1. Why reproducibility matters

Scientific analyses must be transparent, traceable, and repeatable.

In fisheries data, reproducibility ensures that:

Other researchers can validate results.
Policy-makers can rely on evidence-based advice.
Updates to datasets can be compared to earlier versions.

The FAIR principles (Findable, Accessible, Interoperable, Reusable) provide a framework to guarantee these goals.

2. How reproducibility is implemented in GTA workflows

RStudio Server on VLab5

VLab5 provides a uniform RStudio environment (same RStudio version, OS image, system libs), which avoids “it works on my machine” issues and makes demos consistent across learners. Use it when you want:

A pre-configured R/RStudio environment for everyone.
Stable system libraries (GDAL/PROJ, curl, etc.) aligned with the course.
Shared instructions: the same scripts and relative paths work for all users.

Alternative: you can run exactly the same steps locally in RStudio; the workflows and scripts are identical.

DOIs and Zenodo

DOIs (Digital Object Identifiers) provide a permanent, citable identifier for each dataset release.
In GTA, every public release is archived on Zenodo, which mints:

a version DOI (e.g., 10.5281/zenodo.15496164) for that exact snapshot, and
a concept DOI (stable “latest” record) that always points to the newest version.

Why we use them

Stable citation in papers and reports,
Long-term preservation of files and metadata,
Clear versioning for reproducibility (each run points to a specific DOI).

How to cite (example) Use the version DOI in methods/results, and the concept DOI in general references.

Global Tuna Atlas (IRD release). Level-2 geo-referenced catch, Zenodo,
DOI: 10.5281/zenodo.15496164 (versioned); concept DOI: 10.5281/zenodo.15496164

BibTeX (template)

@dataset{gta_level2_2025,
  title   = {Global Tuna Atlas - Level 2 Geo-referenced Catch},
  author  = {{GTA Team}},
  year    = {2025},
  version = {2025.1},
  doi     = {10.5281/zenodo.15496164},
  url     = {https://doi.org/10.5281/zenodo.15496164},
  publisher = {Zenodo},
  note    = {Use the version DOI for exact reproducibility}
}

Dependency management with `renv`

renv captures the exact package versions used in the project (renv.lock), making analyses reproducible across sessions and machines. https://rstudio.github.io/renv/

Restore the environment (recommended):


# Restore all packages declared in renv.lock
renv::restore()

Docker images

The following datasets: Level 2 geo‑referenced, effort ship a Dockerfile that encapsulates:

Code (repositories + pinned versions),
R packages (via renv), and
Build scripts that produce the final dataset.

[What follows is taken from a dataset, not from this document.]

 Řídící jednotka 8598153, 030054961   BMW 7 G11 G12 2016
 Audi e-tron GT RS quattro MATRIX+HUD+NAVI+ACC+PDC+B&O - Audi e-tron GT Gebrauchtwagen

This guarantees that a dataset release can be recreated bit‑for‑bit provided the same inputs.

At this stage, Level 0 and effort datasets still rely on datasets manually collected from tRFMO websites, some of which are stored in a private Google Drive folder and not publicly accessible. Consequently, only Level 2 datasets can currently be fully built using open DOI-based sources, without relying on restricted files.

3. What is not reproducible

The direct database connection cannot be fully shared:
- Requires passwords that cannot be distributed publicly.
- Risk of overload if too many users connect simultaneously.

Instead, reproducibility is achieved by providing:

Exported datasets (via Zenodo DOIs).
Scripts that rebuild processing steps.

Each user could, if needed, set up their own database instance locally.

Key takeaways

Docker + renv ensure anyone can rebuild with the same environment.
Each dataset ships with a Dockerfile and scripts to generate the release.
Level 0 and effort datasets are partially dependent on non-public sources (e.g., Google Drive).